Former commander of Bosnian Muslim forces in Srebrenica Naser Oric (C), pictured on July 4, 2008, called on international justices to order Bosnia to drop war crimes charges against him
Geneva (AFP) - Families of the thousands of Bosnian Muslims massacred at Srebrenica reacted with outrage Thursday over the arrest of former Bosnian Muslim commander Naser Oric on a war crimes warrant from Serbia.
Oric led the Bosnian Muslim forces in Srebrenica in eastern Bosnia, where Bosnian Serb forces slaughtered almost 8,000 Bosnian Muslim men and boys in mid-July 1995.

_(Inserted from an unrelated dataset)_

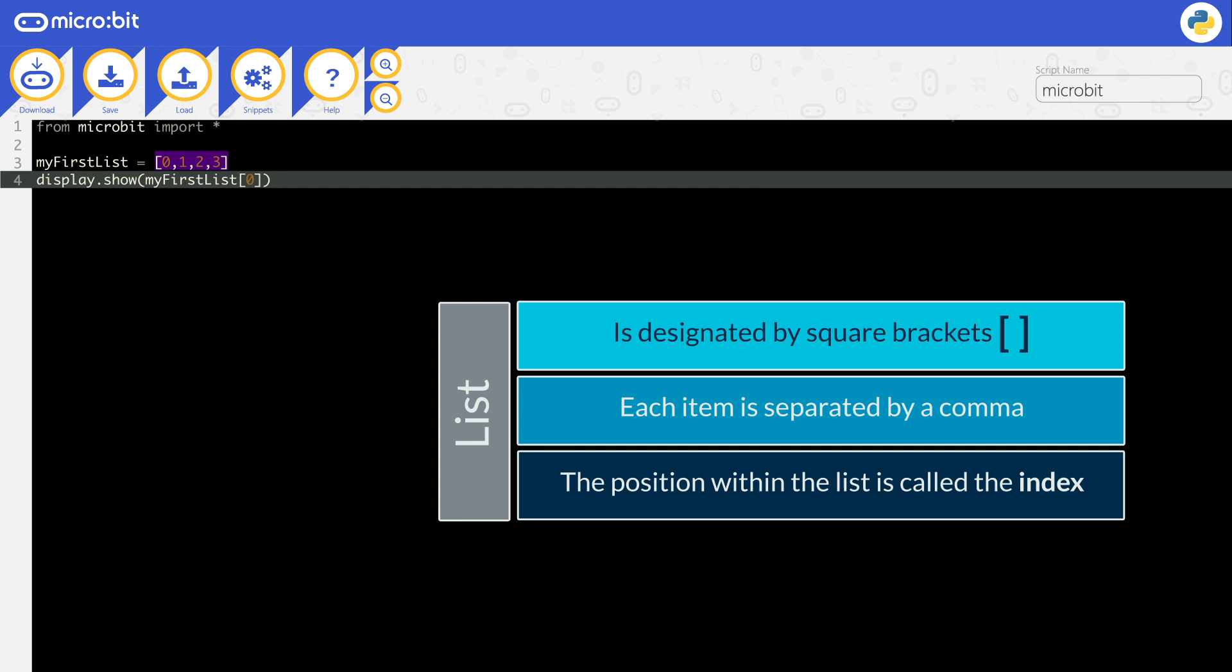In computer science, the first number is zero. So in this list, the number zero is stored in index zero.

"What is happening, one month before the 20th anniversary of the Srebrenica genocide, is shameful," said Munira Subasic, president of the Mothers of Srebrenica victims' association. "The arrest is purely political."

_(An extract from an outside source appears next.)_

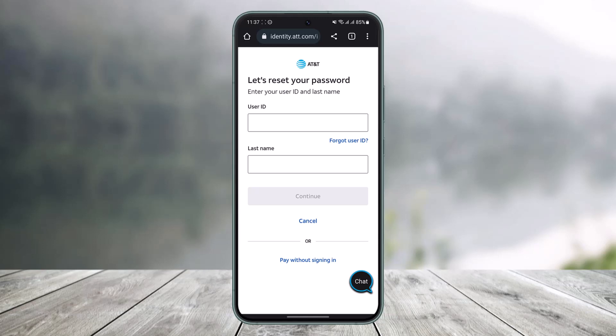That's all it takes to reset your AT&T password. We hope the video was really helpful. If it did help you, make sure to leave a like and subscribe to our channel. If you've got any more questions, feel free to leave them down below. Thank you very much for watching till the end, and see you soon in our next video.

"By demanding his arrest now, at a time when we, the mothers, are at our most fragile, Belgrade wants to divert attention from the anniversary of the genocide," added Subasic, who lost 20 members of her family in the killings, including her husband and son.
Oric was arrested Wednesday in the Geneva region and is in detention pending extradition to Serbia, the Swiss justice ministry said Thursday.
He was taken into custody at the Thonex-Vallard crossing between Switzerland and France following a request submitted by Serbian authorities on February 3, it said.
Oric was heading to Geneva with a delegation invited by the city to participate in several events to commemorate the 20th anniversary of the massacre, Swiss newspaper La Tribune de Geneve reported.
- Double jeopardy? -
Oric said he would contest his extradition, the ministry said, adding that it would now ask the Serbian authorities to submit a formal extradition request within the 18-day period stipulated in the European Convention on Extradition.
"The Serbian authorities suspect that, between 1992 and 1995, Oric and other members of the Bosnian Muslim forces repeatedly attacked Serbian villages in the Srebrenica region, to drive out the civilian Serbian population with a campaign of intimidation, torture and murder," a statement said.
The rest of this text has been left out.